What emerges from a roll-call of names of writers of pastoral from Theocritus to our own day is an idea of the continuity with variations, the richness and exuberance, of the pastoral conception. In achieving so flourishing an estate, pastoral necessarily suffers from the complication of the terms used to describe it. It has not established itself as the prime term without competition from other terms. In the paragraph immediately above we have spoken variously and indiscriminately of the eclogue, the idyll, the pastoral; and we might have added the bucolic. The idyll is the general descriptive term we use for the poems of Theocritus; derived from the Greek ‘eidyllion’ (image or picture) it does not define a poetic type so much as to characterize a short poem, descriptive or narrative, which possesses a picturesque or idealistic quality. The eclogue is even less a distinct form of writing: in the original Greek ‘eclogē’ it means merely a ‘selection’ from an author’s writings, and it may perpetuate the notion of brevity already seen in the idyll. The word bucolic introduces a still vaguer notion: it derives from the Greek ‘boukolos’, a keeper of cattle as opposed to a shepherd or goatherd, and represents an enhancement of the social status of the figures of pastoral poetry; in our own time it frequently takes on a comic aspect as suggesting a rural lack of sophistication, a comic clumsiness that works to the detriment of the idealistic qualities of both eclogue and idyll.
Pastoral, it then appears, is the most all-embracing of the terms used for this kind of writing, and the fact that it is used in both the singular and the plural leads to a final complication.
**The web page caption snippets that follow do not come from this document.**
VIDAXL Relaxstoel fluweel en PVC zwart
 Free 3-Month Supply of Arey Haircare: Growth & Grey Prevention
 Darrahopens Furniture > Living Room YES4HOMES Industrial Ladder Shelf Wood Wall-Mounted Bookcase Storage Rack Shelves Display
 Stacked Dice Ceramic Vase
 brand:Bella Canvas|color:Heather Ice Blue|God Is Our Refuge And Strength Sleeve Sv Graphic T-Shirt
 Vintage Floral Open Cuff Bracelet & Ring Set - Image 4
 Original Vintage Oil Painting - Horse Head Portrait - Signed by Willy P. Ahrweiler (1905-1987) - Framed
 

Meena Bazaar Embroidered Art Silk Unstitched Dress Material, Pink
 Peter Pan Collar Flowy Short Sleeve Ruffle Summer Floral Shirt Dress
By pastorals we mean a particular kind of poem: the idylls of Theocritus, the eclogues of Virgil and Spenser, the Pastorals of Pope, are all poems of the same formal type, ‘mixed’ poems of description and dialogue, part-narrative, part-dramatic, and usually but not always in either hexameter or pentameter verse. For critics from the sixteenth to the eighteenth centuries, pastoral in this sense means a particular kind or genre of literature, like Tragedy, Comedy, Satire or Epic, possessing like them its own decorum. More broadly, however, when we speak of pastoral in the singular, we mean really a view of life, an ethos or informing principle which can subsist either in itself, as in the poets enumerated above, or which can animate other forms of literature like the drama, whether they be wholly pastoral (as in the case of As You Like It) or only partially so (as in the cases of The Winter’s Tale or Cymbeline or The Tempest). Hence the word pastoral refers both to form and to content.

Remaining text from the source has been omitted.